Black Arts Initiative showcases interdisciplinary opportunities, political power in artistry
“One of the things we talk about a lot in the Black Arts Initiative is how artistic disciplines talk to each other,” E. Patrick Johnson says. “Coming together to talk about an idea, with all these different vantage points represented, is what makes the initiative really interesting.”
According to Johnson, the Carlos Montezuma Professor of Performance Studies, chair of the African American Studies Department, and founder and director of the Black Arts Initiative, creating an understanding of the black arts here on campus honors its past and celebrates its potential.
“Black arts have always played an integral part in the politics of this country,” Johnson says. “Just look at the Harlem Renaissance, the civil rights movement, 90’s hip-hop. And today there is so much work coming out of Black Lives Matter.
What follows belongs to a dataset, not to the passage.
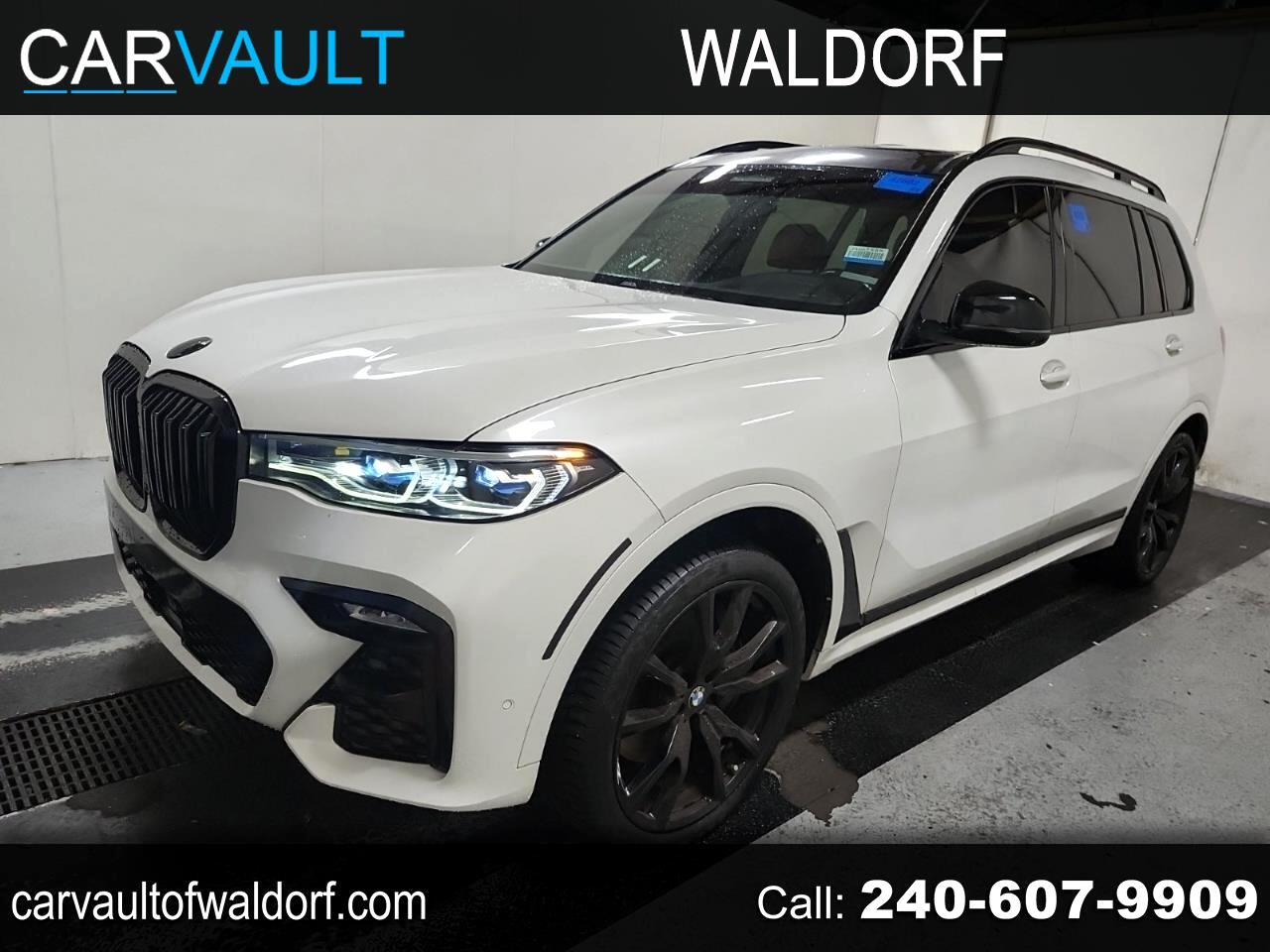 BMW X7 M50i Sports Activity Vehicle 2021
Spoken word, music and visual arts are all powerful tools.”
With BAI, Johnson and his colleagues bring together groups and individuals working across the African American arts — literature, dance, film and more — to collaborate on intellectual projects, civic engagement and creating art.
“It has been wonderful to see the creative ideas that arise as a result of BAI,” Johnson says. “Artists learn from each other.”
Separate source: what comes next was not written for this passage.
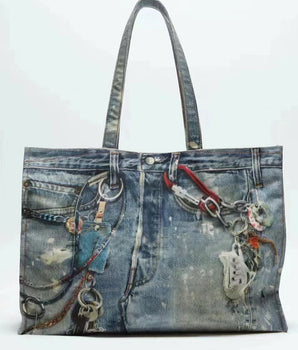 Tung Sung Faded 3D Metal Chain Printed Shoulder Tote Bag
Johnson is quick to note that BAI goes far beyond talking about art, although sharing creative work and research is a key component of the initiative. With its “Black Arts in the City” series, BAI celebrates Chicago’s black art scene, traveling as a group to see plays, exhibits and concerts. The Block Museum hosts a quarterly film screening and discussion focused on race issues, and BAI regularly brings in outside faculty for a lecture series.
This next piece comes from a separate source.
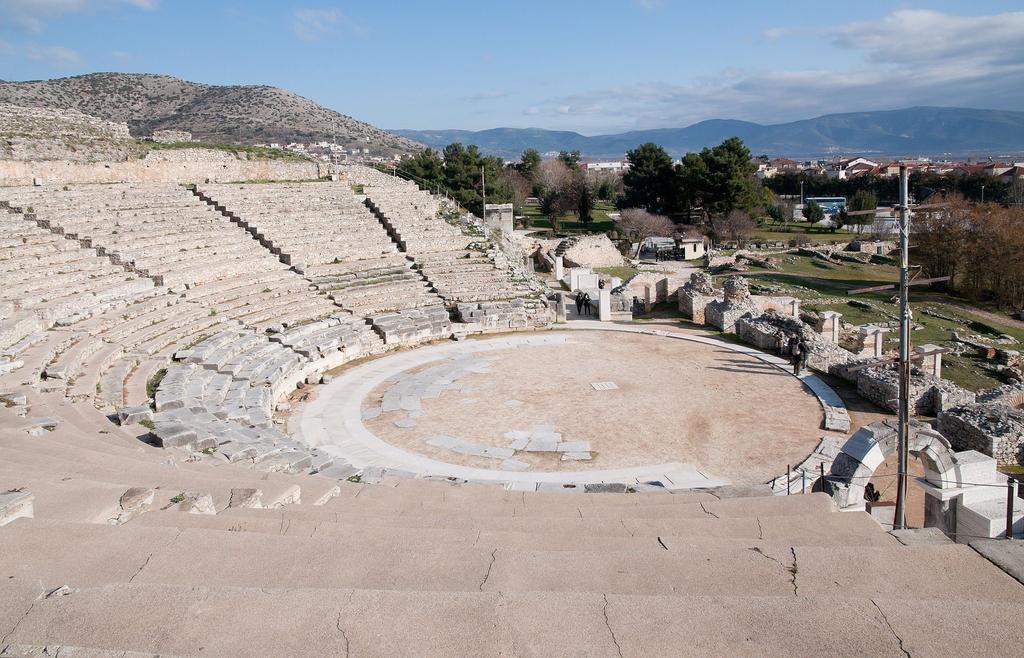 ΤΟ ΘΕΑΤΡΟ ΤΩΝ ΦΙΛΙΠΠΩΝ Πηγή εικόνας:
The first BAI conference — Black Arts Chicago Moves and Movements — was particularly inspiring for Johnson because it brought together multiple generations to describe their experiences creating art in various political and social contexts throughout Chicago’s history. The younger artists shared how previous work impacted their own work, and the older generations were moved by the acknowledgements of their contributions.
“I didn’t realize the wealth of black artistic companies that were started here in Chicago,” he says. “Some of the people in their 70s and 80s were just weeping at the conference. The work they had grown up with was being talked about and celebrated. It was a really powerful moment.”
The conference focused on Chicago was the first of three planned by BAI. The final conference in the trilogy, Black Arts International: Temporalities and Territories, will take place in October and host artists from the African Diaspora from around the world.
Just as black arts have changed and responded to the political and social climate over time, BAI has also grown in scope and capacity since its creation. But Johnson, who recently received an inaugural Provost Award for Faculty Excellence in Diversity and Equity, says the mission of BAI remains the same.
“The BAI is a place to corral all sorts of artistic work and energy and speak to what’s going on today,” Johnson says. “We want to pay tribute to the past, and also understand how this next generation of artists and scholars is using art in a very profound way.”